Commentators and critics are likening the Article 50 process to wartime Britain, I can’t count the number of times we’ve been told to stop criticising the government and instead pull together in the “national interest” to make Britain great again. It’s a lie that some wish to peddle, but of course what our future looks like is entirely dependent on how the negotiations go.

The fatigue that’s now long set in is also incredibly dangerous, to become delirious and disengaged from a process that by all accounts will set the course of the United Kingdom’s future for decades can lead to nothing good.

Without proper scrutiny and oversight from the general public, not just by politicians and technocrats, we’ve no way of ensuring the assault on “red tape” and “regulation” the Conservative Party are intent on waging won’t see a total annihilation of vital obligations to the international community, a transformation of Britain into a glorified tax haven, a total destruction of workers’ rights. Bombarding us with endless accounts, attacks and detail though doesn’t appear to be helping ensure that, it’s in our interests to ensure we don’t end up feeling disengaged and disinterested. Right now that is what’s happening.
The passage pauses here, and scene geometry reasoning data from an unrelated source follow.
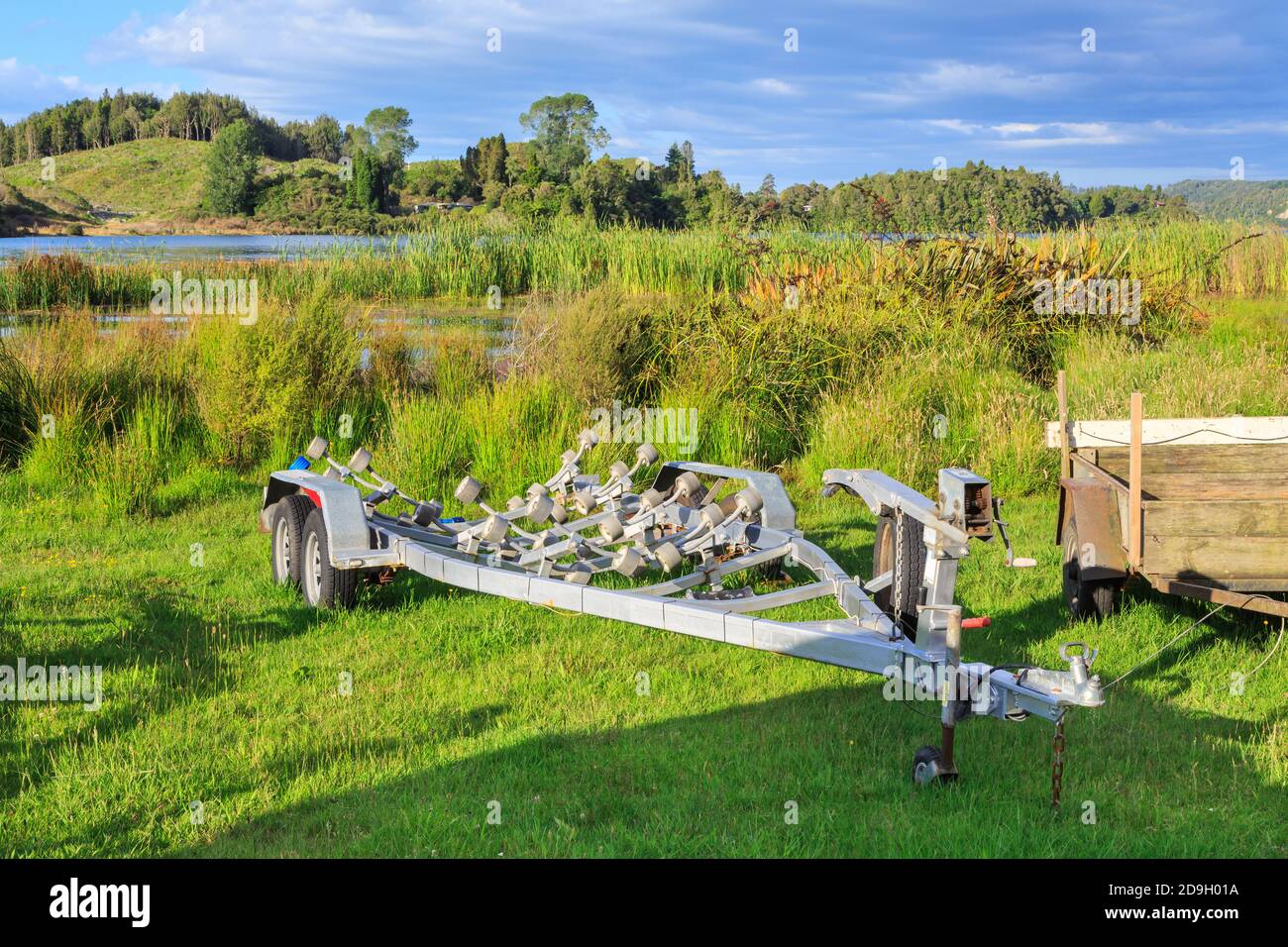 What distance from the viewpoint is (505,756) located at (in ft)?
15.1

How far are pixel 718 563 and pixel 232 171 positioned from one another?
81.5 m

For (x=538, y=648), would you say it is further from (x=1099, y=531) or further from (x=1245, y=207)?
(x=1245, y=207)

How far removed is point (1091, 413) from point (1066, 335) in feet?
12.4

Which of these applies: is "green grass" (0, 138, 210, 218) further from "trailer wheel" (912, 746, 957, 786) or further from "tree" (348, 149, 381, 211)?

When we talk about Brexit it shouldn’t just be in terms of Tory infighting (however gratifying we may find it), the jingoism and platitudes are doing nothing to ensure the public have a say in what happens at the end of the day. We’ve forgotten, it seems, that whatever the outcome – whatever deal is struck – should be determined by the needs of the population and wider society. For that to happen it’s vital we continue to think about what we want the United Kingdom to look like, and that requires wider debates and discussions that we’re neglecting. Let’s talk about infrastructure, about the NHS, about education. Let’s reconsider our border policies and our foreign policy and how to reform a justice system that does so much harm.

Mondays though? They are by all accounts awful. Monday is the day of the cumulative hangover and getting out of bed on time and of that sinking feeling when you check your bank account to find there’s just £1.74 left to last you until the end of next week. Monday is the day of slowly come to terms with while regretting the stupid and reckless things you did when not thinking properly before. Why can’t Monday be the day we talk about Brexit, the day when we all catch up with what’s been happening over the seven days before.

Let’s make Monday the day of Brexit, and leave the rest of the week for us to talk about other things, work on other projects. Let’s let our politicians get on with actually governing and scrutinising our media report on topics that matter in areas that otherwise now so often feel ignored. By the time we come back to Brexit just seven days later we’ll be able to cast our eyes afresh, have debates and discussions. Who knows? We might even be enthused and engaged.

The biggest threat to democracy is apathy, it’s all too east to fall into a trap of feeling tired and as if you no longer care. If we carry on talking Brexit as we have done for over a year now, there’s a real risk of a sense of disillusionment prevailing. If we’ve any chance of building something better on the crumbling foundations of Britain in Europe, we can’t let our departure consume all we do. If we don’t it’ll be those with power when we all lose interest who benefit.[2]